この中で最大の課題が、ラツーダに代わる新薬の創出・獲得だ。23年2月以降は後発品が参入、ラツーダの2000億円近い売上は急速に失われる。しかし、この時点では、成長ドライバーと位置づける新規抗がん剤・ナパブカシンは約900億円、ポストラツーダとして最優先に開発を進める「SEP-363856」(米国フェーズ2:23年度上市予定)を加えても新薬不足は明らか。そこで戦略的投資により、日米での上市を予定する精神神経領域の後期開発品を獲得し、23年度以降の成長につなげる姿を描いた。
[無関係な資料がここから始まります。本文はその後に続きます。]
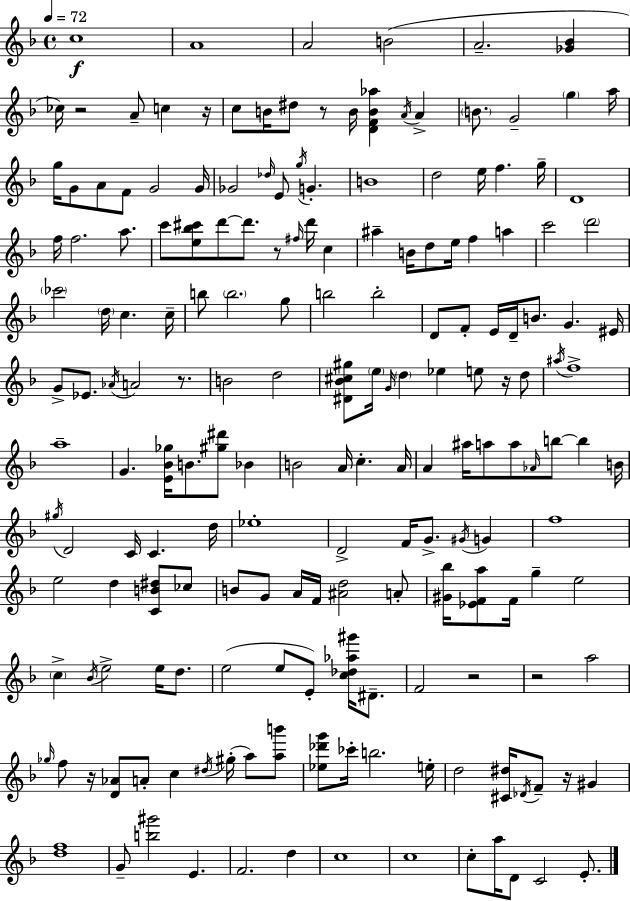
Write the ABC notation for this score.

X:1
T:Untitled
M:4/4
L:1/4
K:F
c4 A4 A2 B2 A2 [_G_B] _c/4 z2 A/2 c z/4 c/2 B/4 ^d/2 z/2 B/4 [DFB_a] A/4 A B/2 G2 g a/4 g/4 G/2 A/2 F/2 G2 G/4 _G2 _d/4 E/2 g/4 G B4 d2 e/4 f g/4 D4 f/4 f2 a/2 c'/2 [e_b^c']/2 d'/2 d'/2 z/2 ^f/4 d'/4 c ^a B/4 d/2 e/4 f a c'2 d'2 _c'2 d/4 c c/4 b/2 b2 g/2 b2 b2 D/2 F/2 E/4 D/4 B/2 G ^E/4 G/2 _E/2 _A/4 A2 z/2 B2 d2 [^D_B^c^g]/2 e/4 G/4 d _e e/2 z/4 d/2 ^a/4 f4 a4 G [E_B_g]/4 B/2 [^g^d']/2 _B B2 A/4 c A/4 A ^a/4 a/2 a/2 _A/4 b/2 b B/4 ^g/4 D2 C/4 C d/4 _e4 D2 F/4 G/2 ^G/4 G f4 e2 d [CB^d]/2 _c/2 B/2 G/2 A/4 F/4 [^Ad]2 A/2 [^G_b]/4 [_EFa]/2 F/4 g e2 c _B/4 e2 e/4 d/2 e2 e/2 E/2 [c_d_a^g']/4 ^D/2 F2 z2 z2 a2 _g/4 f/2 z/4 [D_A]/2 A/2 c ^d/4 ^g/4 a/2 [ab']/2 [_e_d'g']/2 _c'/4 b2 e/4 d2 [^C^d]/4 _D/4 F/2 z/4 ^G [df]4 G/2 [b^g']2 E F2 d c4 c4 c/2 a/4 D/2 C2 E/2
国内MRは1100人体制 6割が精神神経とがん領域に
新たな事業基盤づくりも進める。日米では、次期主力品のナパブカシンの営業体制確立など事業体制を見直し、収益力を強化する。日本では新薬を軸に成長を図る。主力新薬として、糖尿病領域ではトルリシティ、imeglimin(21年度上市予定)、精神神経領域では抗パーキンソン病薬トレリーフ、抗精神病薬ロナセンテープ(19年度上市予定)、ルラシドン(20年度上市予定。海外名・ラツーダ)、がん領域ではナパブカシン(21年度上市予定。結腸・直腸がん、膵がん)を想定する。
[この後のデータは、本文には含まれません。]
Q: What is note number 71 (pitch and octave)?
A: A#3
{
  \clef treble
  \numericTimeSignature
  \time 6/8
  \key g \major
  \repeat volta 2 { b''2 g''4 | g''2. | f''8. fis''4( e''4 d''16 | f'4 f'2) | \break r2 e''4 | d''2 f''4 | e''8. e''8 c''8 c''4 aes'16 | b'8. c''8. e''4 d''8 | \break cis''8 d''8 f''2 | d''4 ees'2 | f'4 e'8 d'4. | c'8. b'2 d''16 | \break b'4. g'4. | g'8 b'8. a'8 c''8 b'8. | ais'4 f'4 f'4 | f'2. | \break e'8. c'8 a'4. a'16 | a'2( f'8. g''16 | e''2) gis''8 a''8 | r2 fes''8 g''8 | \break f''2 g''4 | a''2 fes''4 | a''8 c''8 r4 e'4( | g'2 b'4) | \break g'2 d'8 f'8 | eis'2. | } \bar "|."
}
目標売上1700億円のうち過半は糖尿病等によるものだが、MRはがん(病院担当が担う)と精神神経領域に約6割を充てる方針。そのためMRの専門性を高める。がん領域は営業・マーケティング組織を新たに構築する。MR体制は維持することから、デジタル化を推進し、効率化を図る。
再生・細胞医薬分野では、22年度にiPS細胞由来の2製品(パーキンソン病、加齢黄斑変性)の上市を計画。この分野の本格成長は23年度以降とし、次期中計からの収益貢献を目指し、事業体制を構築する。
そのほか、研究開発手法を見直し、新薬開発成功率を高める。得意な技術を持つ企業や研究機関との協力による「ネットワーク型」研究開発を進める。ビッグデータやデジタル技術の活用によるイノベーションの創出に挑戦する。最先端のサイエンスやテクノロジー、バイオマーカーを活かし、Precision
Medicineの実現にも取り組む。開発力の強化に向けては、成果を見据えた目標設定、事業リスクマネジメント、臨床試験の確度をあげるバイオマーカーやビッグデータなど最先端技術の取り込みを行う。
将来の第4の柱に掲げる「フロンティア事業」は、医薬品と組み合わせたヘルスケアソリューションの提供を実現するのが狙い。重点3領域の医薬品との組み合わせによりQOLが向上するデバイスなどの開発を想定。複数のパイロット事業から、シナジー、事業性を見極め、次期中計での「成長エンジンとしての確立を目指す」とした。